Jim Smigiel, chief investment officer at SEI, noted US jobs report released last Friday showed the US added 114,000 new jobs in July.
As well as this, the US economy grew by 2.8% in the second quarter and inflation is running at 3% year over year.
“From our perspective, while we agree that US economy has hit a soft patch in the data, we do not see heightened risks of recession at this time. Therefore, this feels like an over-reaction to a chain of events that is being exacerbated by crowded and levered positions.”
Tom Sollis, multi-asset portfolio manager at Russell Investments, said the aggressiveness of the market movement was “quite surprising”, but that it reflected a potential overreaction as well as the stretched positioning of many market participants.
Since the US jobs data release on Friday and the subsequent market reactions since then, markets now expect five interest rate cuts by the Federal Reserve for the remainder of the year.
“We think the market could be overreacting to both the data flow from the US and Japan,” said Sollis.

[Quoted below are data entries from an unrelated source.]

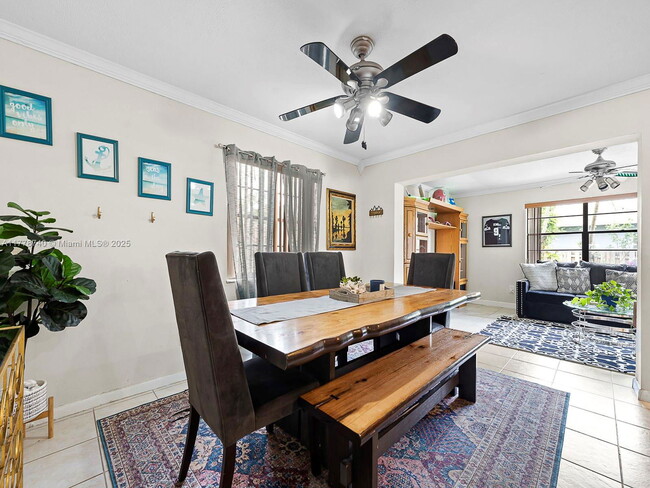 Building Photo - Southwest 104th Avenue, Cooper City, FL 33...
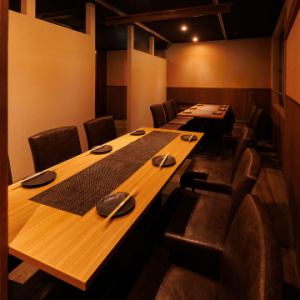 Perfect for small get-togethers and business dinners! Enjoy a relaxed atmosphere in our Japanese-modern semi-private rooms! The partitioned spaces offer just the right amount of privacy, making them ideal for company parties or get-togethers with friends! You'll have a truly special time!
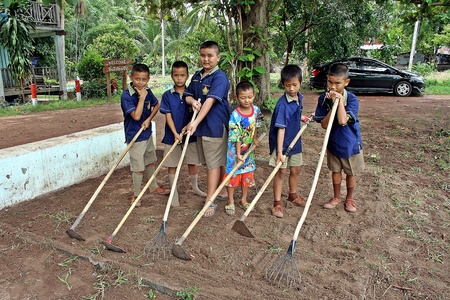 UDONTHANI, THAILAND â JULY 18, 2018:  Thai students are working together,  that be development of their school,  see them at BAN HUA KUA MUEAD AE school in UDONTHANI province THAILAND.のeditorial素材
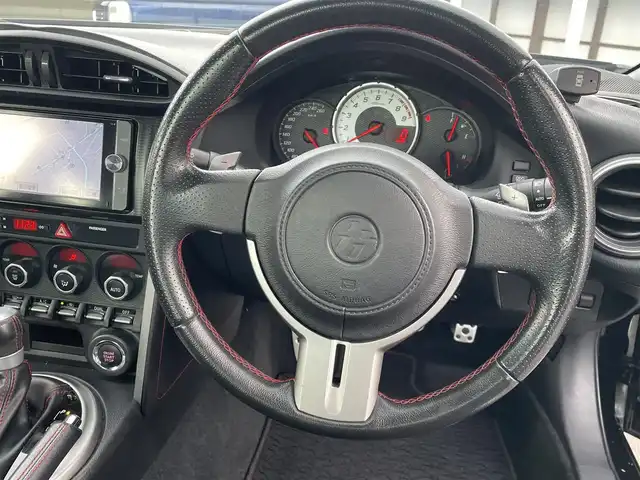 トヨタ ８６ GT 福島県 2013(平25)年 6.9万km クリスタルブラックシリカ 純正SDナビ/バックカメラ/フルセグテレビ/DVD再生可能/純正17インチAW/HIDヘッドライト/フォグランプ/プッシュスタート/保証書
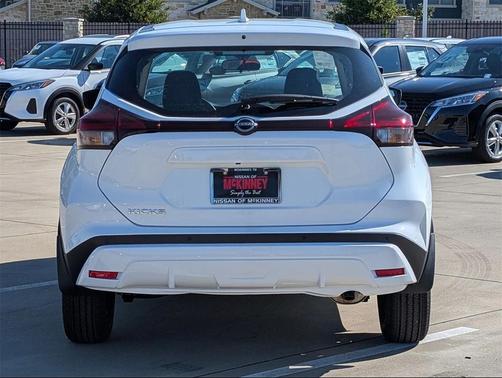 2025 Nissan Kicks S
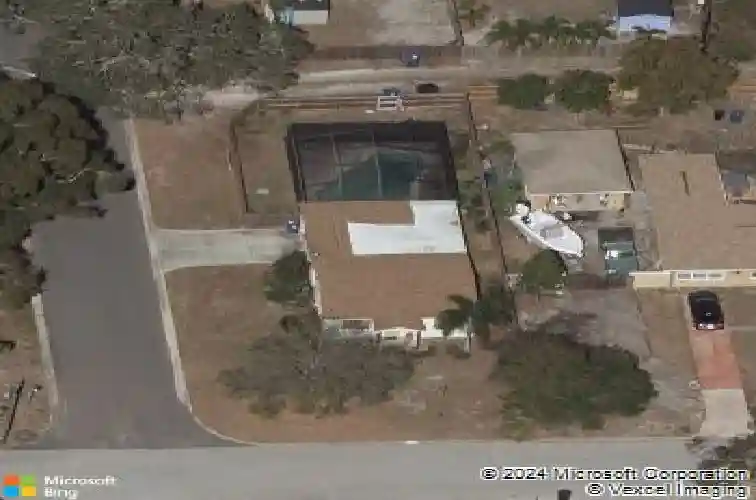 4649 18th ave n, saint petersburg,  FL 33713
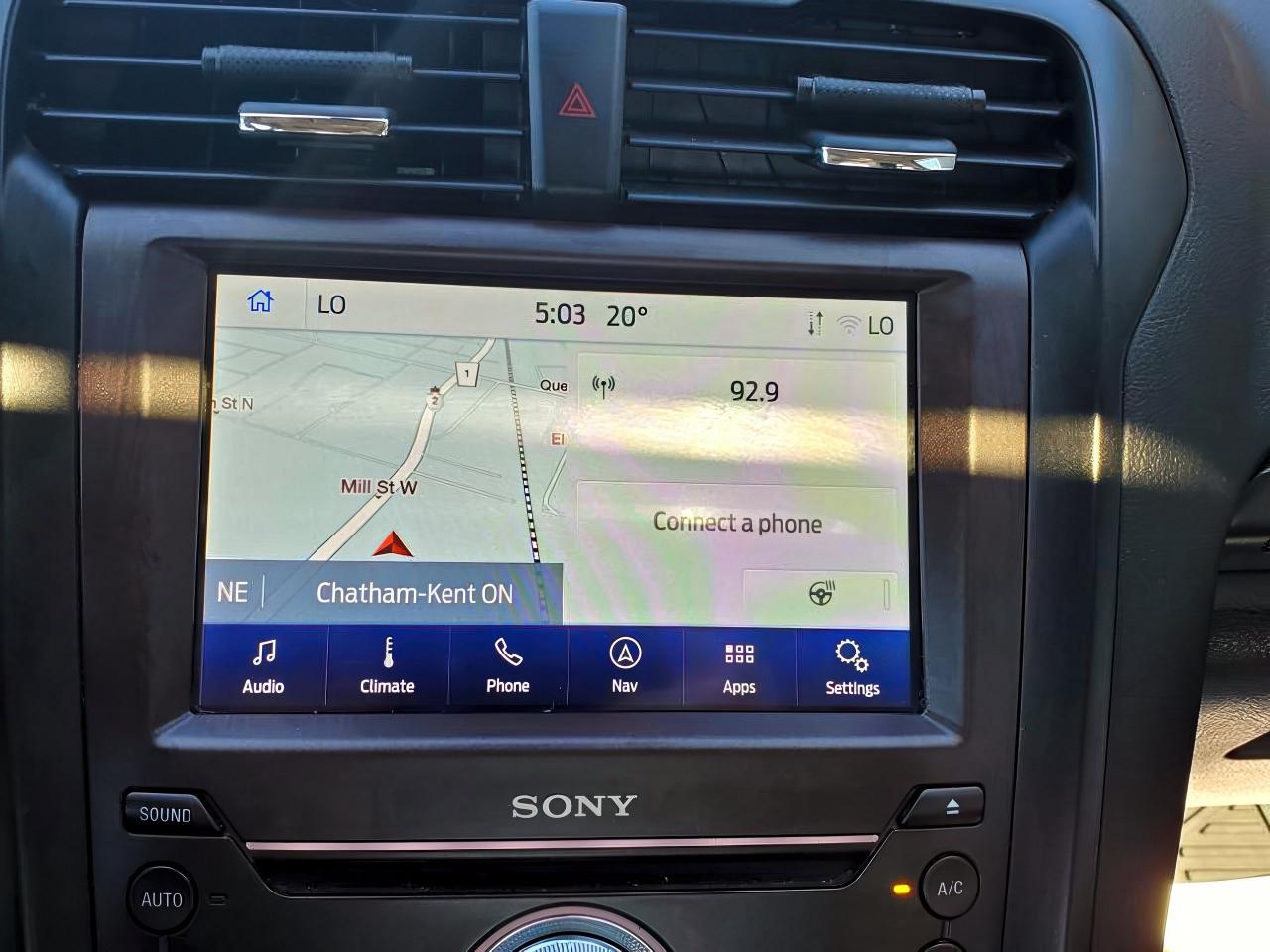2020 Ford Fusion Hybrid Titanium-SUNROOF-LEATHER-NAVIGATION-LANE ASSIST - Photo #11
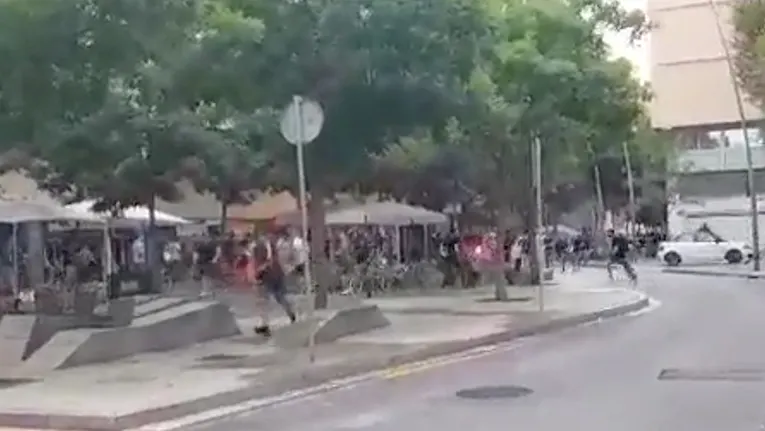 PSV-fans aangevallen door Spaanse hooligans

The Bank of Japan recently increased interest rates, which went against consensus.
Jack Janasiewicz, portfolio strategist at Natixis Investment Managers, noted that August seasonality remains a historically weak time for markets.
“And right on cue, we get a correction,” he said.
An unwinding of positions from levered investors “makes this weakness feel a lot worse than it probably is”, said Janasiewicz. “The economy is slowing. Not slow. A soft patch. Not a recession. The Fed can course correct and has plenty of fire power to do so.”
He noted that views on risk had shifted from inflation worries to labour market softness, but he also said that “sentiment may very well be overshooting once again. But this time, overshooting to being too pessimistic”.
“Evidence certainly points to a slowing economy. But slowing and slow are two very different points. Keep in mind that starting points matter. The most recent advanced GDP print for the US economy came in at +2.8% QoQ annualised, well above expectations.”
Although the AI/tech trade might have run ahead of itself, many of these names are still posting strong earnings, he said, and although earnings were falling short of expectations, those expectations had been “very lofty” in some cases.
Vontobel’s Andrew Jackson, head of fixed income: “Last week’s soft US jobs data has continued to wreak havoc across markets, with many asset classes, sectors and regions suffering major declines. The first step of this price correction was in line with our expectations based on the recent data; but we are likely now entering an overshoot territory.”